It should be noted that the icon labels illustrated in FIG. 6A are merely exemplary. For example, in some embodiments, icon 622 for video and music player module 152 is labeled “Music” or “Music Player.” Other labels are, optionally, used for various application icons. In some embodiments, a label for a respective application icon includes a name of an application corresponding to the respective application icon. In some embodiments, a label for a particular application icon is distinct from a name of an application corresponding to the particular application icon.

FIG. 6B illustrates an exemplary user interface on a device (e.g., device 300, FIG. 3) with a touch-sensitive surface 651 (e.g., a tablet or touchpad 355, FIG. 3) that is separate from the display 650. Device 300 also, optionally, includes one or more contact intensity sensors (e.g., one or more of sensors 359) for detecting intensity of contacts on touch-sensitive surface 651 and/or one or more tactile output generators 359 for generating tactile outputs for a user of device 300.

FIG. 6B illustrates an exemplary user interface on a device (e.g., device 300, FIG. 3) with a touch-sensitive surface 651 (e.g., a tablet or touchpad 355, FIG. 3) that is separate from the display 650. Although many of the examples that follow will be given with reference to inputs on touch screen display 112 (where the touch sensitive surface and the display are combined), in some embodiments, the device detects inputs on a touch-sensitive surface that is separate from the display, as shown in FIG. 6B. In some embodiments, the touch-sensitive surface (e.g., 651 in FIG. 6B) has a primary axis (e.g., 652 in FIG. 6B) that corresponds to a primary axis (e.g., 653 in FIG. 6B) on the display (e.g., 650). In accordance with these embodiments, the device detects contacts (e.g., 660 and 662 in FIG. 6B) with the touch-sensitive surface 651 at locations that correspond to respective locations on the display (e.g., in FIG. 6B, 660 corresponds to 668 and 662 corresponds to 670).
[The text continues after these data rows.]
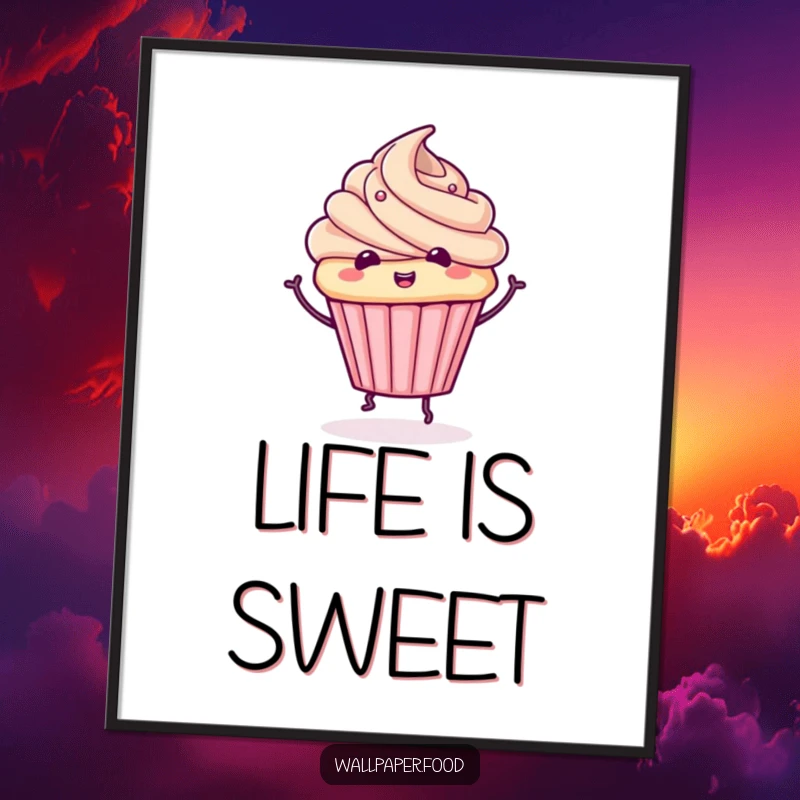Funny cupcake poster art of a cute character with frosting doing a whimsical spin, bringing sweet, delightful charm.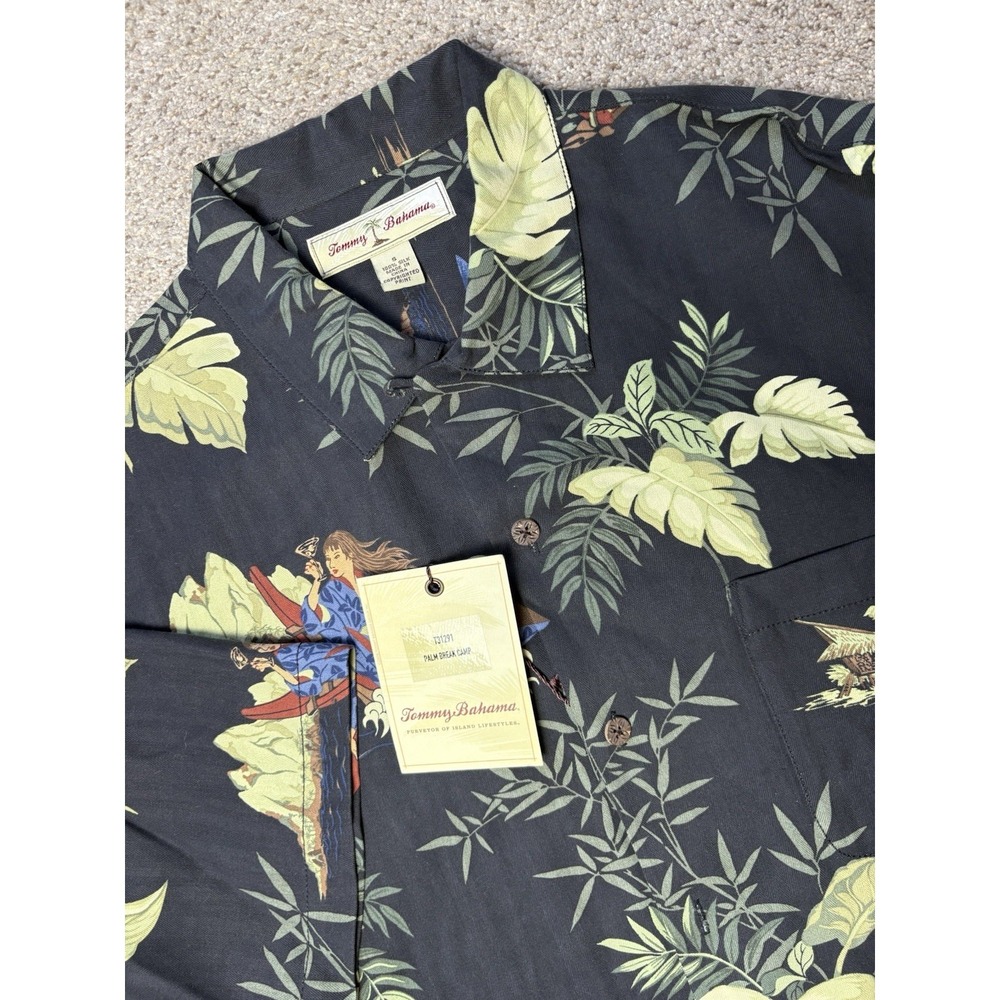 New Tommy Bahama‎ Silk Palm Break Camp Shirt Hula Girl Cocktail Martini Hawaiian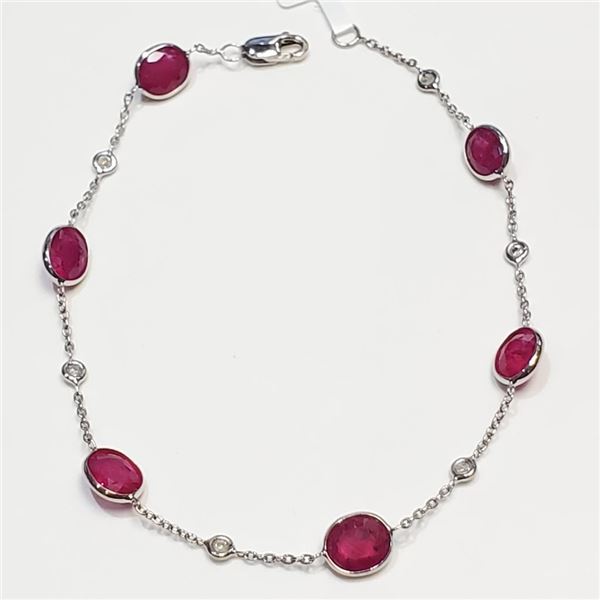 14K White Gold Six Ruby (7.5ct) Six Diamonds(0.11ct) Bracelet (~Size 0) (~weight 2.8g), Appraised Re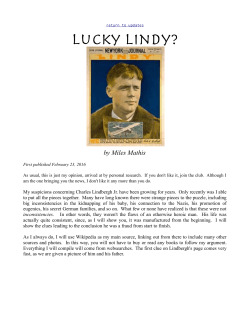 Lucky Lindy? - Miles Mathis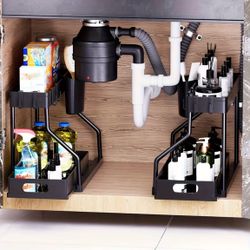 2pcs Under Sink Organizer with Sliding Shelves - Durable Pull-Out Cabinet Organizer for Bathroom & Kitchen, Space-Saving Storage Solution, Sleek Desig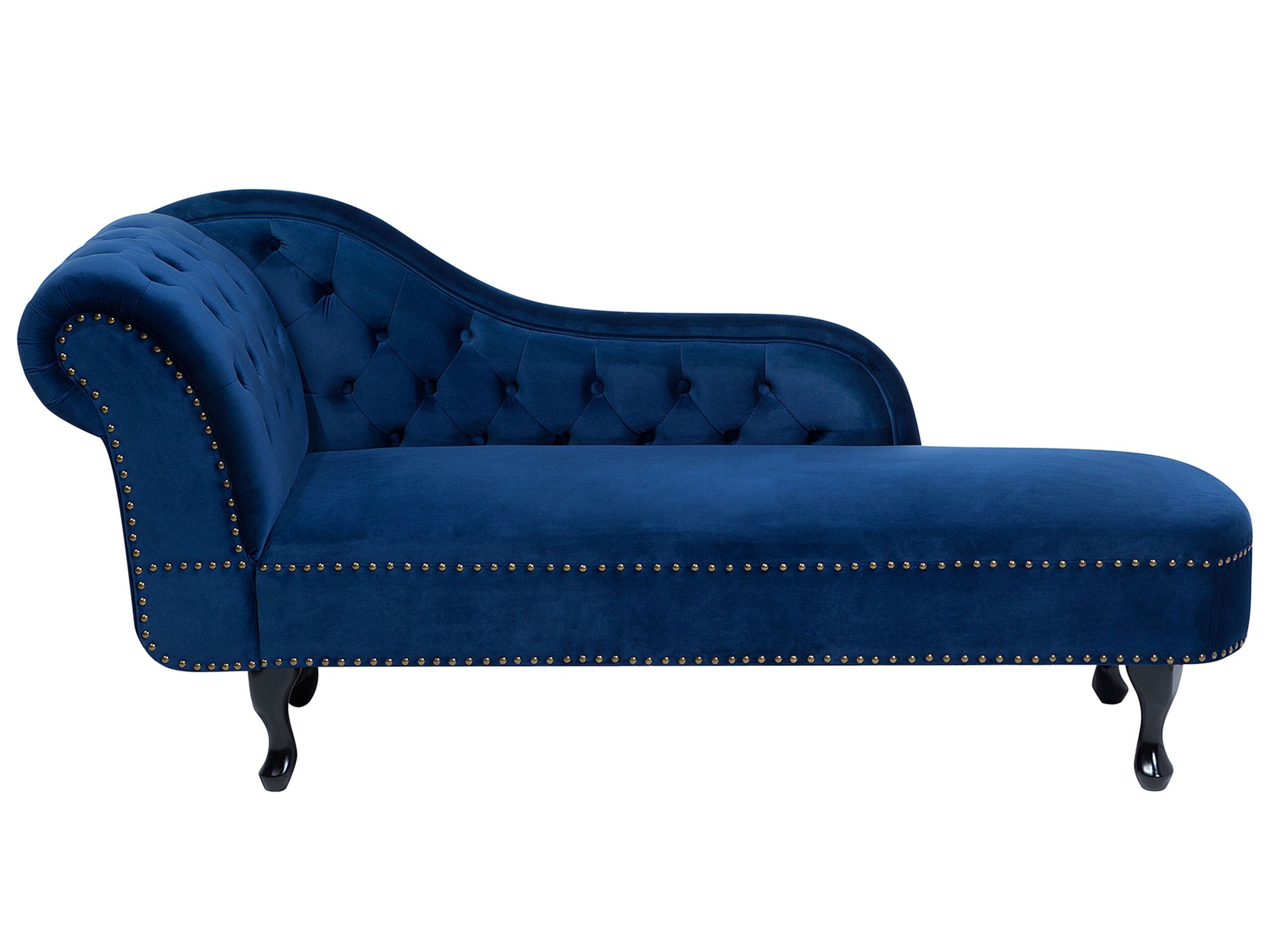 Left Hand Chaise Lounge Velvet Blue NIMES - Gemini Interiors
In this way, user inputs (e.g., contacts 660 and 662, and movements thereof) detected by the device on the touch-sensitive surface (e.g., 651 in FIG. 6B) are used by the device to manipulate the user interface on the display (e.g., 650 in FIG. 6B) of the multifunction device when the touch-sensitive surface is separate from the display. It should be understood that similar methods are, optionally, used for other user interfaces described herein.

Additionally, while the following examples are given primarily with reference to finger inputs (e.g., finger contacts, finger tap gestures, finger swipe gestures, etc.), it should be understood that, in some embodiments, one or more of the finger inputs are replaced with input from another input device (e.g., a mouse based input or a stylus input). For example, a swipe gesture is, optionally, replaced with a mouse click (e.g., instead of a contact) followed by movement of the cursor along the path of the swipe (e.g., instead of movement of the contact). As another example, a tap gesture is, optionally, replaced with a mouse click while the cursor is located over the location of the tap gesture (e.g., instead of detection of the contact followed by ceasing to detect the contact). Similarly, when multiple user inputs are simultaneously detected, it should be understood that multiple computer mice are, optionally, used simultaneously, or a mouse and finger contacts are, optionally, used simultaneously.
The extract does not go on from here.